Title: RE: [PEN-L:27175] LTV and income disparity

(is the font on this missive readable? This is supposedly in "plain text.")

Nancy Brumback writes: >... a few months ago, i was discussing the gap between the rich and the poor in terms of the labor theory of value. to me, it seems self-evident that the richer the rich get, the poorer the poor will get. Since value is based on labor-power, there can be only a finite amount of it in the world, whether it is stored up as capital or circulating as money.<

In what Marx called "the law of value" (the LoV, what others call "the labor theory of value"), the total amount of commodity production by society depends on the total amount of labor done at any one point in time. (The labor done is an application of the labor-power employed, mostly by capitalists.) Though there _are_ gifts of nature, these have to be transformed by labor in order to satisfy human wants and needs. (Note that the LoV refers to an analysis of (world) society _as a whole_. Unlike neoclassical economics and much of so-called "analytical Marxism," it is not first and foremost a reductionist theory about individual decisions, tastes, etc.)

In this view, a theory of relative poverty applies given Nancy's accurate premise: if the rich get richer -- i.e., benefit from more of society's total labor -- then the poor get poorer -- i.e., benefit from less of society's total labor. But a theory of absolute poverty may not apply: the poor may get the benefit of less of society's labor, but that labor may be producing more use-values, so that the mass of use-values that the poor receive may rise, even _per capita_. I think that the relative theory of poverty is the appropriate one, since as society "progresses," individual and social needs increase, so that in order for the poor to reproduce themselves over time as members of society, the mass of use-values _must_ rise.
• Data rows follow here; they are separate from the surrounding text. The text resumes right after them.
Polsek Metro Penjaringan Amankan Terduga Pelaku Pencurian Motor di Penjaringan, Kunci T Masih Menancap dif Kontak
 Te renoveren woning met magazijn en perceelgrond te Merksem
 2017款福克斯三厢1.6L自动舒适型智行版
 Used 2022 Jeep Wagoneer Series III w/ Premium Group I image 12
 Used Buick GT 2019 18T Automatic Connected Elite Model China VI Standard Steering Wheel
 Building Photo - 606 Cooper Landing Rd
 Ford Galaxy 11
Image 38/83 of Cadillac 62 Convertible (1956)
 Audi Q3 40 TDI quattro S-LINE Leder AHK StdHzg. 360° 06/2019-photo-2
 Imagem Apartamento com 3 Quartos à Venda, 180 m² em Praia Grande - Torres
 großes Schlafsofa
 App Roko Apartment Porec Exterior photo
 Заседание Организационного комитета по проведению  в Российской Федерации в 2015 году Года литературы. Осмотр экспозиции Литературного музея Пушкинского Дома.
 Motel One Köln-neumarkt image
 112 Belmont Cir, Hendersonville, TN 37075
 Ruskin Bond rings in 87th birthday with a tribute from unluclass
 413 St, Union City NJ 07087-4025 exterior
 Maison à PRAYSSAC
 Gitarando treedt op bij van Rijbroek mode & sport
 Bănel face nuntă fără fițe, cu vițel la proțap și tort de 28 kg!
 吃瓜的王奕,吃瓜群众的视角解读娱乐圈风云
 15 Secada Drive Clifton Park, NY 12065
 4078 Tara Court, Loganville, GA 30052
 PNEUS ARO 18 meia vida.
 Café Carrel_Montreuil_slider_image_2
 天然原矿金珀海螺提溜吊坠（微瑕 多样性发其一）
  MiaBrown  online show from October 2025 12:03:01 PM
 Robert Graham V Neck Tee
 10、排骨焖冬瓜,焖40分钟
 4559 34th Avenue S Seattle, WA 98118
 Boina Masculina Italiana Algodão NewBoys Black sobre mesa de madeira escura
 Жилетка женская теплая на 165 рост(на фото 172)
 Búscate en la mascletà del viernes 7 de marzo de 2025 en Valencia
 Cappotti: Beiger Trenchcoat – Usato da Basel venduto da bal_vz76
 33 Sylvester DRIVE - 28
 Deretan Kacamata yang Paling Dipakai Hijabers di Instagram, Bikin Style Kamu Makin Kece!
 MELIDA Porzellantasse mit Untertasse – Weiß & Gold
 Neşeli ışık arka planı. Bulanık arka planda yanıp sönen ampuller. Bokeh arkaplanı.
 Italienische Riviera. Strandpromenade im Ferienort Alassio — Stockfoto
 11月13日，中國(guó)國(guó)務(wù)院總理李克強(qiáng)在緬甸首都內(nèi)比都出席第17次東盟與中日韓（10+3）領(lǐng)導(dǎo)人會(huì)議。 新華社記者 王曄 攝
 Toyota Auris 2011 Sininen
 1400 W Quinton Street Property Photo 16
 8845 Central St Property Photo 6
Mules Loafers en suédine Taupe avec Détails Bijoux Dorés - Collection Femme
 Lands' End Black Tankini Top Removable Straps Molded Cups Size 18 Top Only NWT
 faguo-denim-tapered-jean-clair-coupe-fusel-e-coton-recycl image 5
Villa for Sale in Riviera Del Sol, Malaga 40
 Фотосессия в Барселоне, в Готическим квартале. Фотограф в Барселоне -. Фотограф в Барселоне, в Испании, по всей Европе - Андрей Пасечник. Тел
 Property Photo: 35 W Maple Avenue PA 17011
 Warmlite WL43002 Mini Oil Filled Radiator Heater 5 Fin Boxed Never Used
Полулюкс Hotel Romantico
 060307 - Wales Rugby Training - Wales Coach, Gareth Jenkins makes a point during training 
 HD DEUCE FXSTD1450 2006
>There were many and great objections to my statement -- too involved to summarize here, but mainly centered around the idea that value is created by the market dynamic of supply and demand -- the more demand, the more value; the less demand, the less value. Suffice it to say that I didn't know enough about the labor theory of value to be able to meet all their arguments. In the meantime, I have brushed up on the idea of the fetishism of commodities, and do understand a little bit more. <

Contrary to popular opinion, demand is crucial in Marx's LoV: if a commodity isn't demanded (because it isn't a use-value or because people don't have the purchasing power), it isn't a commodity and the labor that went into producing it was wasted (as judged by society, not by me). It is quite possible that labor is done that doesn't create value after the fact, as in a crisis of overproduction. The amount of labor done puts only an upper limit on the amount of value that can be realized. However, most of the time, capitalists and simple commodity producers won't produce unless there's demand, so that labor done corresponds (roughly) to value.